Over the weekend, I outlined that as long as the market remains over 3790SPX, we have a very bullish immediate structure, which is pointing us to the 4165-4300SPX region for wave 3 of  sooner rather than later. And, today, the market tested that support with a low of 3797SPX.But, simply testing that support is not enough to assure us that the next rally phase to 4165+ is in progress.
As I also outlined over the weekend, we now need to break out over the micro pivot presented on the 5-minute SPX chart, and rally towards the 3913SPX region, which will then make our micro pivot our new support region to keep us pointing towards the 4165SPX region in a direct fashion.
There is something of which I want to remind you, which is quite commonplace within bull markets. You see, more and more market participants become bullish during a 3rd wave rally. It is the one point in the market structure wherein the great majority of investors can be bullish and one should not view that as a contrarian indication. Please read what I just wrote again. During the heart of a 3rd wave, you do not want to be a contrarian. Understanding that we are in a 3rd wave provides market context to know when not to be a contrarian.

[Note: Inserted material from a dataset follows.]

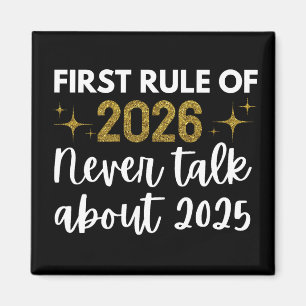 Neujahr 2026 Lustig Magnet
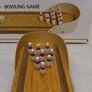 Mini Wooden Desktop Bowling Set Image 5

For this reason, I have been patiently waiting for the market confirm the heart of a 3rd in the SPX which can allow me to abandon any reasonable expectations for any further 2nd wave pullbacks. And, should we see a break out over the micro-pivot on the 5-minute chart, and continue to hold over it on any pullbacks, we will have our strong indication that we are rallying to 4165-4300SPX for wave 3 of , with the likelihood of then rallying to the 4600SPX region after we see a wave 4 pullback.
So, the market now has a set up in place to provide us with confirmation of the heart of a 3rd wave break out. Whether it takes the opportunity over the coming days or whether it breaks 3790SPX support for more of a wave 2 first is not something that I can answer with a high probability expectation just yet. But, as it stands right now, the set up is certainly in place.
The last point I want to make is that it is also quite commonplace to see strong spikes to the downside during the c-waves within a bullish trend. You see, as the market continues to grind higher during a 3rd wave, those c-wave spikes are what provide us with just enough bearish sentiment to re-set our ability to continue to march higher in the 3rd wave structure. So, continue to focus on the support levels we outline, and try to not let the strong spikes cause an emotional reaction in your trading/investing plan. Know where your support resides, and adjust accordingly. It will likely only be a matter of time before this wave 3 makes itself known and abundantly clear – as it already has in so many other charts.